Giving more away would spoil all of the fun and give the very wrong impression that The American Friend is a conventional thriller that pushes the viewer hard through a series of twists and turns, of crimes and psychological breaks. It does not do this, to a conspicuous degree. Sure, it's generically a thriller, and Wenders isn't above putting the characters through sequences of admirably high intensity - there's a longish sequence in the film's middle, set on a train, that's a terrific daisy chain of laugh-out-loud dark comic beats and dreadful tension, that's the most memorable element of the whole movie and, in fact, one of the most baldly delightful, entertaining genre moments in the New German Cinema. But that's not at all where the film lives. This is a buddy film, in its damned peculiar way; Ripley is a nasty piece of work and Zimmermann is a personality fracturing before our eyes, but they serve as the foundation for a greatly touching depiction of friendship and mutual support - contrary to my expectation headed into the film, there's nothing ironic about the title The American Friend. Ganz and Hopper, even as they're creating edgy, bleak characters, strike up rich, meaningful camaraderie, and the movie ends up working much less as a story of crime than of how crime impacts the private lives of criminals.

With its focus on the insides of its characters heads, the film serves as a kind of updated version of noir, and it's frequently described as such. I'm not wholly inclined to that reading, though at least two truths are undeniable: one is that the film has the heavy urban atmosphere that typifies noir as one of its most characteristic elements. The other is that Wenders is eager to remind us of of American genre film, casting as mobsters the directors Nicholas Ray and Samuel Fuller, two of the most beloved American outsiders to the various European New Waves, and it's impossible to suppose that a working knowledge of noir doesn't inform the way the film's plot works and how it relates to its characters. At the same time, the film's look is as far from noir as it gets: the great cinematographer Robby Müller shot the film with potent colors, brightly shouting out from the limitations of '70s film stock and lending a vibrant liveliness to the movie that cuts through the grottiness of the setting and scenario. This a movie that practically glows, it's so bold and pretty. That's a stark contrast between visual style and content, and it does a great deal to shift the film's energy away from anything that a plain recitation of its plot would suggest. Keeping in line with the reality that this is Zinnemann's film above all, the very particular look of The American Friend, with its pop-up colors, works in a way to evoke the very keen awareness of what things look and feel like that might occur to a man convinced he's in the last stages of his life, and being thrust into experiences far beyond anything within his sphere. It's an intense-looking film to suit the intensified perception of its protagonist, I'd argue, and a tremendously lovely one at that.
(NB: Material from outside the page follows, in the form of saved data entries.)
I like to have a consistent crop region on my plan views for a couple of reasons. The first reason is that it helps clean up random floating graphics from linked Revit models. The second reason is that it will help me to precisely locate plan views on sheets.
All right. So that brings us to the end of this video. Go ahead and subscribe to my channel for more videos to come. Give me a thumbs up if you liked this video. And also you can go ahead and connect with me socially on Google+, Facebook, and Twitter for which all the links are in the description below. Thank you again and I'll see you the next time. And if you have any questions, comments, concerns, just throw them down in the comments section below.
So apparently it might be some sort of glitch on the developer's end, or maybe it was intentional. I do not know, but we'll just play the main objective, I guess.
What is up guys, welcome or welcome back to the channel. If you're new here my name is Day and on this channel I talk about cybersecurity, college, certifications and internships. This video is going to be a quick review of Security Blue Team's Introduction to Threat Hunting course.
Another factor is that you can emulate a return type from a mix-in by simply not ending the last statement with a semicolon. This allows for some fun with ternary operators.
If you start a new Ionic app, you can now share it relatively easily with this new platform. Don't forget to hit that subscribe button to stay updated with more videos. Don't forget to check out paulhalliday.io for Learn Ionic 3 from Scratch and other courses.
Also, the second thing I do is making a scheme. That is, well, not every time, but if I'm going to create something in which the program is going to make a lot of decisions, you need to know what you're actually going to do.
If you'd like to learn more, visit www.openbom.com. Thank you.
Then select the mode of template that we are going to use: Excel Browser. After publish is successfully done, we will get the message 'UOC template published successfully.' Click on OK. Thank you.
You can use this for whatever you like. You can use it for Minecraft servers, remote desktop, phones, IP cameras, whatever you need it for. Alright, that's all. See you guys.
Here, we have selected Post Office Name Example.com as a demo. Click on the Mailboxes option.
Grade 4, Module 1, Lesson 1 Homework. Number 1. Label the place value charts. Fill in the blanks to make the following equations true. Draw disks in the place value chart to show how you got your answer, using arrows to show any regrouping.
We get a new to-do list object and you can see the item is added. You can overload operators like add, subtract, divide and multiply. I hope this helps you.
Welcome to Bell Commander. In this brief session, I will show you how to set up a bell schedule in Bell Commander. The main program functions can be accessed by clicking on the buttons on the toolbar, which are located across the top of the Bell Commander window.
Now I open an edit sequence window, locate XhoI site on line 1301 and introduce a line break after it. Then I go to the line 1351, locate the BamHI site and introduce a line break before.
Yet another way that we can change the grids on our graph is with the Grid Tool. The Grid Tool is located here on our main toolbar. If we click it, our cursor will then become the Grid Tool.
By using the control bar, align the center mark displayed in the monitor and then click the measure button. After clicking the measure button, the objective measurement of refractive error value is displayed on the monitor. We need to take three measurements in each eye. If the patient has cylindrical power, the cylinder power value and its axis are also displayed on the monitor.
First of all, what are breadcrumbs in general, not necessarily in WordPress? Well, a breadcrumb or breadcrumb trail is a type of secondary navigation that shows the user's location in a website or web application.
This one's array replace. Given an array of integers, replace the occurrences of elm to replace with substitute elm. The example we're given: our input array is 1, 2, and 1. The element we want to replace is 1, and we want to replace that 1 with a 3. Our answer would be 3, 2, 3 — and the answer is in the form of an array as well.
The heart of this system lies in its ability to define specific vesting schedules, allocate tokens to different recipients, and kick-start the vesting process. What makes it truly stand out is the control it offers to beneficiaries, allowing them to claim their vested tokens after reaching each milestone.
It's crafty and beguiling and unexpectedly smart about people, and the only shortcomings I can spot within it are those of context. This is not, to be horribly blunt about it, a particularly special film within the greater world of New German Cinema, nor Wenders's own career: very good, but also kind of ultimately normal. It's the first utterly "Americanised" film of that generation's self-described most Americanised filmmaker, which isn't a necessary problem. Though the director who had just completed his Road Trilogy - Alice in the Cities, Wrong Move, and Kings of the Road - moving right into a genre riff couldn't help but feel like a step down. The American Friend is a very good movie that a lot of people could have made in a lot of places - Wenders, in West Germany, in 1977, doesn't leave the kind of stamp on the film that would have made it truly great (it is, however, quintessentially and irreducibly European in a way that no other Ripley film I've seen has been - but I have not seen Purple Noon). Still, not every auteur has to be turned on 100% of the time, and The American Friend is absolutely worth treasuring: a gorgeous, taut movie with vivid characters on impressively complex journeys, one of the most humane and cinematically articulate thrillers I've seen from that era.